Using the records below, copy exactly the part that opens with the line holding "Patek Philippe Nautilus" and closes with the line holding "Used 2026 Cadillac Escalade V image 37", minus the pictures.

┌─ INFORMATION SHOWN

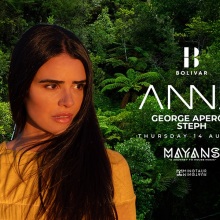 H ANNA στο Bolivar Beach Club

└─
┌─ INFORMATION SHOWN

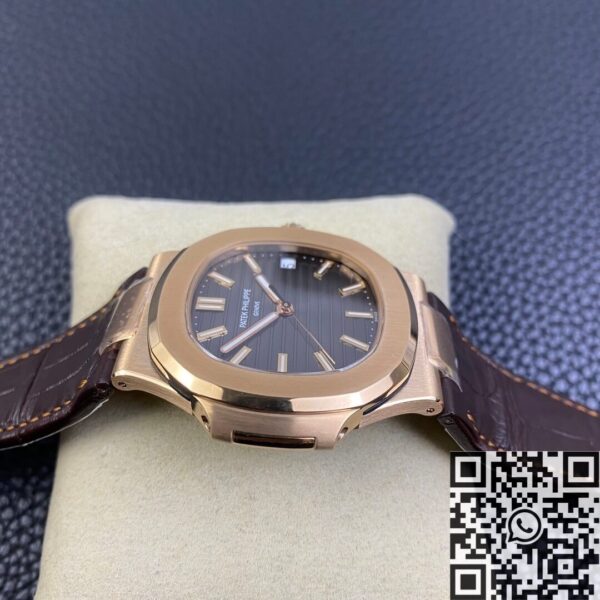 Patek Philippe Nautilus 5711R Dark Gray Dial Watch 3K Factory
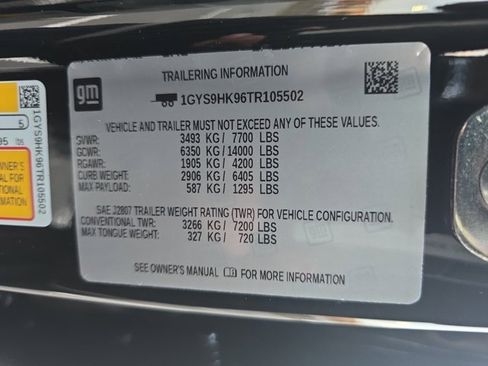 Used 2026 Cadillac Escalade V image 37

└─
┌─ INFORMATION SHOWN

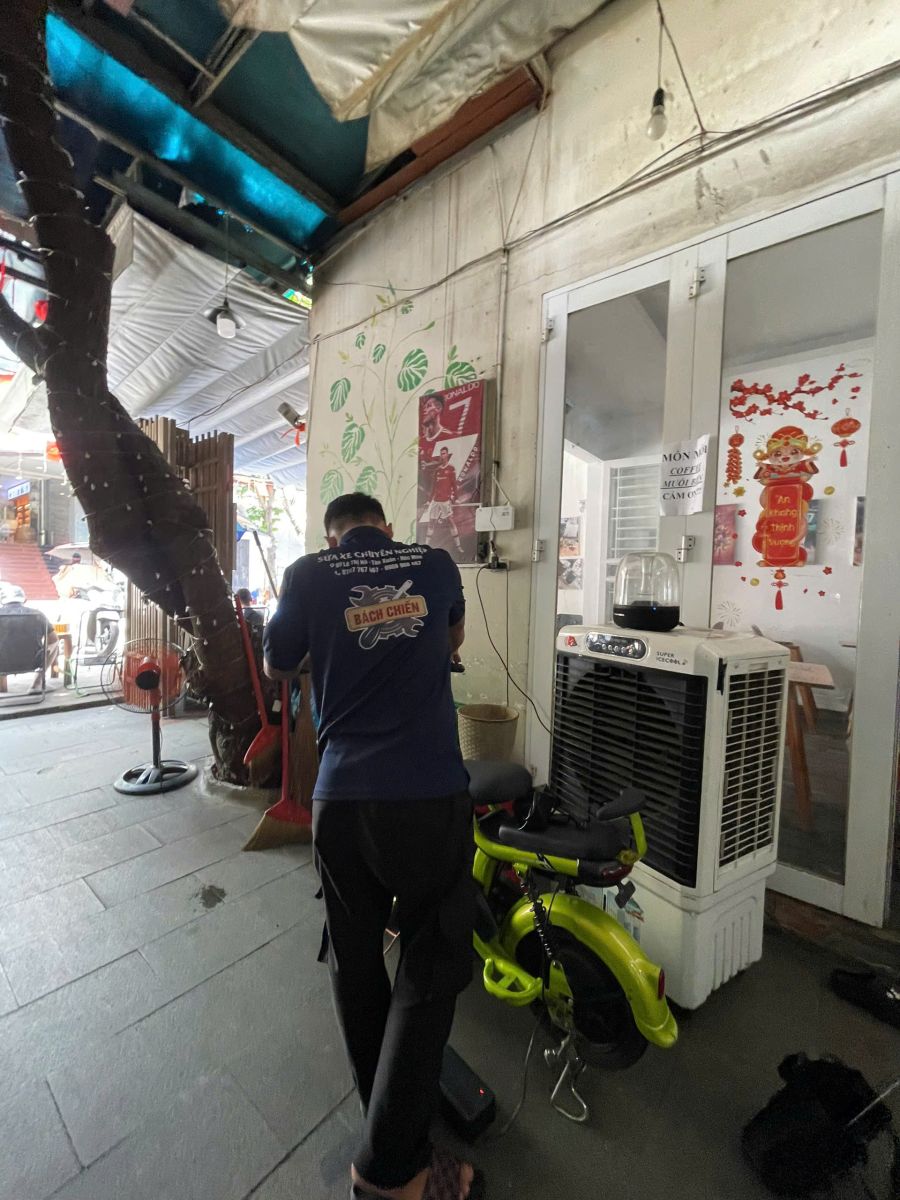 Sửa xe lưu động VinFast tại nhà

└─

RESULT FOR THIS TASK:
 Patek Philippe Nautilus 5711R Dark Gray Dial Watch 3K Factory
 Used 2026 Cadillac Escalade V image 37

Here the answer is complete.